I read several questions in stackoverflow about inline
in C but still am not clear about it.
-
static inline void f(void) {}
has no practical difference withstatic void f(void) {}
. -
inline void f(void) {}
in C doesn't work as the C++ way. How does it work in C? - What actually does
extern inline void f(void);
do?
I never really found a use of the inline
keyword in my C programs, and when I see this keyword in other people's code, it's almost always static inline
, in which I see no difference with just static
.
A C code can be optimized in two ways: For Code size and for Execution Time.
inline functions:
gcc.gnu.org says,
By declaring a function inline, you can direct GCC to make calls to that function faster. One way GCC can achieve this is to integrate that function's code into the code for its callers. This makes execution faster by eliminating the function-call overhead; in addition, if any of the actual argument values are constant, their known values may permit simplifications at compile time so that not all of the inline function's code needs to be included. The effect on code size is less predictable; object code may be larger or smaller with function inlining, depending on the particular case.
So, it tells the compiler to build the function into the code where it is used with the intention of improving execution time.
If you declare Small functions like setting/clearing a flag or some bit toggle which are performed repeatedly, inline
, it can make a big performance difference with respect to time, but at the cost of code size.
non-static inline and Static inline
Again referring to gcc.gnu.org,
When an inline function is not static, then the compiler must assume that there may be calls from other source files; since a global symbol can be defined only once in any program, the function must not be defined in the other source files, so the calls therein cannot be integrated. Therefore, a non-static inline function is always compiled on its own in the usual fashion.
extern inline?
Again, gcc.gnu.org, says it all:
If you specify both inline and extern in the function definition, then the definition is used only for inlining. In no case is the function compiled on its own, not even if you refer to its address explicitly. Such an address becomes an external reference, as if you had only declared the function, and had not defined it.
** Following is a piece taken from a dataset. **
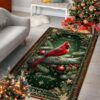 Cardinal Bird Christmas Rug TQN2050R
This combination of inline and extern has almost the effect of a macro. The way to use it is to put a function definition in a header file with these keywords, and put another copy of the definition (lacking inline and extern) in a library file. The definition in the header file causes most calls to the function to be inlined. If any uses of the function remain, they refer to the single copy in the library.
To sum it up:
- For
inline void f(void){}
,inline
definition is only valid in the current translation unit. - For
static inline void f(void) {}
Since the storage class isstatic
, the identifier has internal linkage and theinline
definition is invisible in other translation units. - For
extern inline void f(void);
Since the storage class isextern
, the identifier has external linkage and the inline definition also provides the external definition.
Note: when I talk about .c
files and .h
files in this answer, I assume you have laid out your code correctly, i.e. .c
files only include .h
files. The distinction is that a .h
file may be included in multiple translation units.
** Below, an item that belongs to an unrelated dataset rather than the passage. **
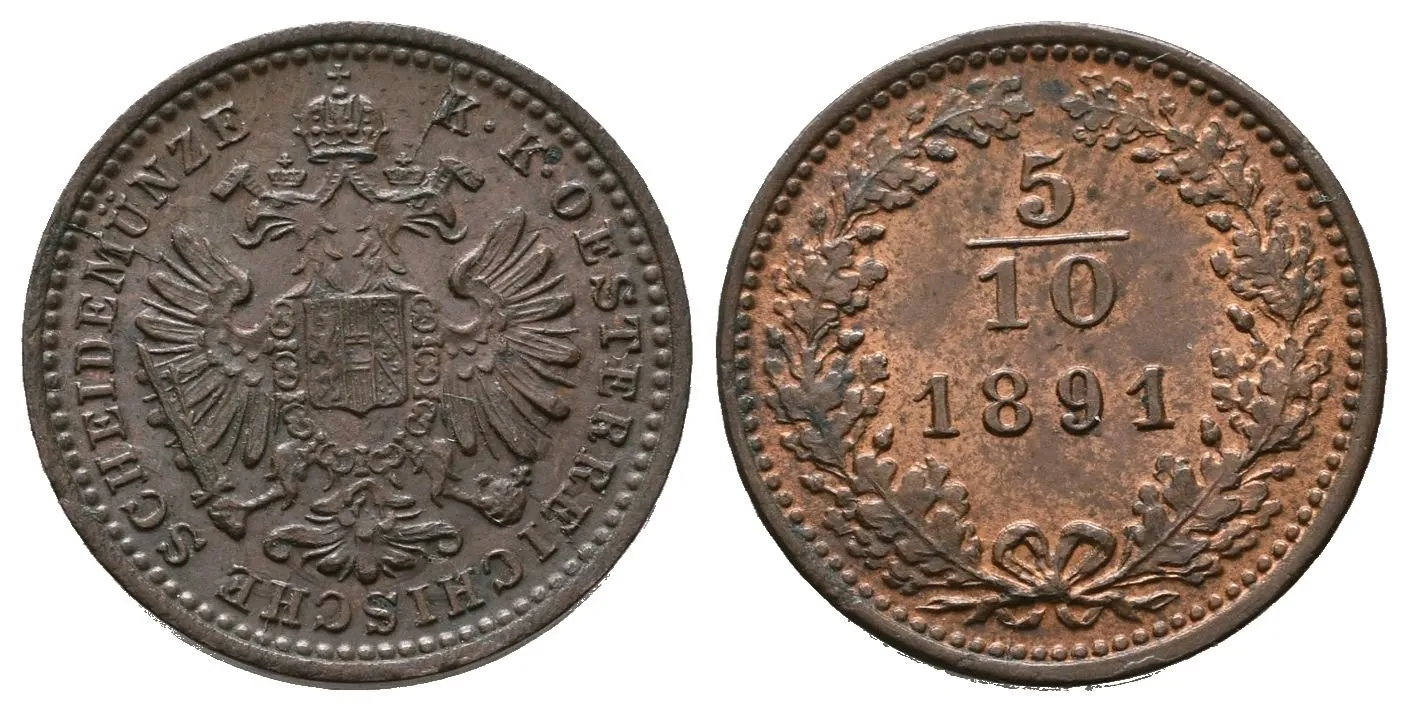 5/10 Krejcar 1891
static inline void f(void) {}
has no practical difference withstatic void f(void) {}
.
In ISO C, this is correct. They are identical in behaviour (assuming you don't re-declare them differently in the same TU of course!) the only practical effect may be to cause the compiler to optimize differently.
inline void f(void) {}
in C doesn't work as the C++ way. How does it work in C? What actually doesextern inline void f(void);
do?
This is explained by this answer and also this thread.
In ISO C and C++, you can freely use inline void f(void) {}
in header files -- although for different reasons!
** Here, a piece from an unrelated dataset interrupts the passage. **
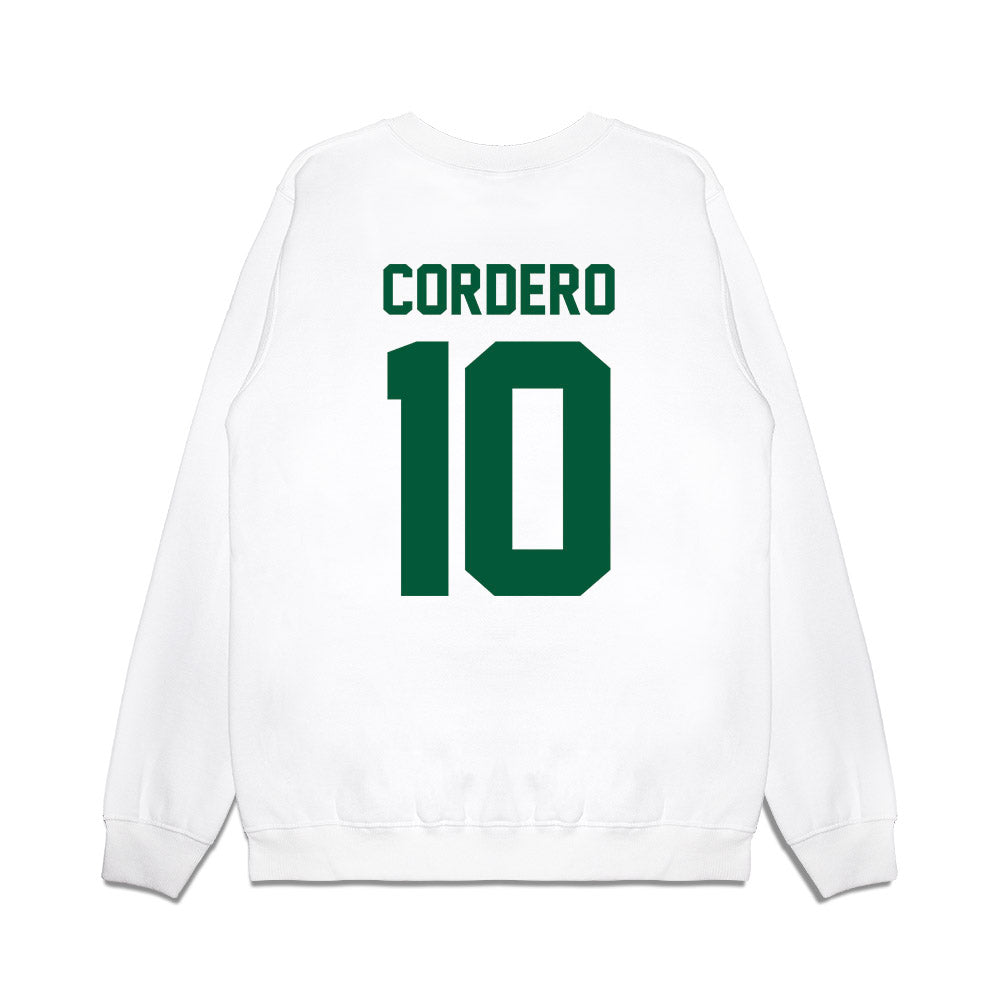 Hawaii - NCAA Football : David Cordero - Vintage Helmet Premium Crewneck Sweatshirt-1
In ISO C, it does not provide an external definition at all. In ISO C++ it does provide an external definition; however C++ has an additional rule (which C doesn't), that if there are multiple external definitions of an inline
function, then the compiler sorts it out and picks one of them.
extern inline void f(void);
in a .c
file in ISO C is meant to be paired with the use of inline void f(void) {}
in header files. It causes the external definition of the function to be emitted in that translation unit. If you don't do this then there is no external definition, and so you may get a link error (it is unspecified whether any particular call of f
links to the external definition or not).
In other words, in ISO C you can manually select where the external definition goes; or suppress external definition entirely by using static inline
everywhere; but in ISO C++ the compiler chooses if and where an external definition would go.
In GNU C, things are different (more on this below).
To complicate things further, GNU C++ allows you to write static inline
an extern inline
in C++ code... I wouldn't like to guess on what that does exactly
I never really found a use of the inline keyword in my C programs, and when I see this keyword in other people's code, it's almost always static inline
Many coders don't know what they're doing and just put together something that appears to work. Another factor here is that the code you're looking at might have been written for GNU C, not ISO C.
In GNU C, plain inline
behaves differently to ISO C. It actually emits an externally visible definition, so having a .h
file with a plain inline
function included from two translation units causes undefined behaviour.
So if the coder wants to supply the inline
optimization hint in GNU C, then static inline
is required. Since static inline
works in both ISO C and GNU C, it's natural that people ended up settling for that and seeing that it appeared to work without giving errors.
, in which I see no difference with just static.
The difference is just in the intent to provide a speed-over-size optimization hint to the compiler. With modern compilers this is superfluous.